TASK BRIEF = Return, word for word, only the lines of the data below that lie between the line with "Antirrhinum 'Double Shot Mixed'" and the line with "Paarden Muismat (Hoek)", those two lines included.

DATASET EXCERPTS =
══════════════════════════════

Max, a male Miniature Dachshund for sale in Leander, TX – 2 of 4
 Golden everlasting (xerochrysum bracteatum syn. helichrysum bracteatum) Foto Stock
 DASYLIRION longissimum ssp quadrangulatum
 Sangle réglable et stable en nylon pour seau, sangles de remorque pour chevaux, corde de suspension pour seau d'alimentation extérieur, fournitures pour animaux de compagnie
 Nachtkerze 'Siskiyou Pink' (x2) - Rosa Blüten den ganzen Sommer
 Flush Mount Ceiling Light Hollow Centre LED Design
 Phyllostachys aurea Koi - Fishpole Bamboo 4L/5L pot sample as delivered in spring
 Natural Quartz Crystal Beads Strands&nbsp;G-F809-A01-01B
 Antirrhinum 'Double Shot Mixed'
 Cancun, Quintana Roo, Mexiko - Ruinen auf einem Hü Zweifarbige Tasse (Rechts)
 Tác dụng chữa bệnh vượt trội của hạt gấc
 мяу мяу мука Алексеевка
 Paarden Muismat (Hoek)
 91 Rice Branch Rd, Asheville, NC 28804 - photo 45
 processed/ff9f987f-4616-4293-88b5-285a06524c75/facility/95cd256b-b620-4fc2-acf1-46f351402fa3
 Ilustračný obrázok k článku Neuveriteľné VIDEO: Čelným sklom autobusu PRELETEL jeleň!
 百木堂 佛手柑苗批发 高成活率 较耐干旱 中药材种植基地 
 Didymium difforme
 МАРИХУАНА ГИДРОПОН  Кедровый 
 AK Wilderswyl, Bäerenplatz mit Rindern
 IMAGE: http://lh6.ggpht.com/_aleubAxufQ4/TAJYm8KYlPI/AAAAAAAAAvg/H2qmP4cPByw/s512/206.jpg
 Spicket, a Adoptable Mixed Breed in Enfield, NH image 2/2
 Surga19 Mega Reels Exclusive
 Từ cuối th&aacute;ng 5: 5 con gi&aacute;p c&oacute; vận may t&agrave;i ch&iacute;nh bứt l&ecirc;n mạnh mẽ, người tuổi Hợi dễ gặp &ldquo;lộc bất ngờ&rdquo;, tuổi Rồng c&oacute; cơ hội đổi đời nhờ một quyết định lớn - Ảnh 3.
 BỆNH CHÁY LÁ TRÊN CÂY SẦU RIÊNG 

══════════════════════════════

EXERCISE OUTPUT =
 Antirrhinum 'Double Shot Mixed'
 Cancun, Quintana Roo, Mexiko - Ruinen auf einem Hü Zweifarbige Tasse (Rechts)
 Tác dụng chữa bệnh vượt trội của hạt gấc
 мяу мяу мука Алексеевка
 Paarden Muismat (Hoek)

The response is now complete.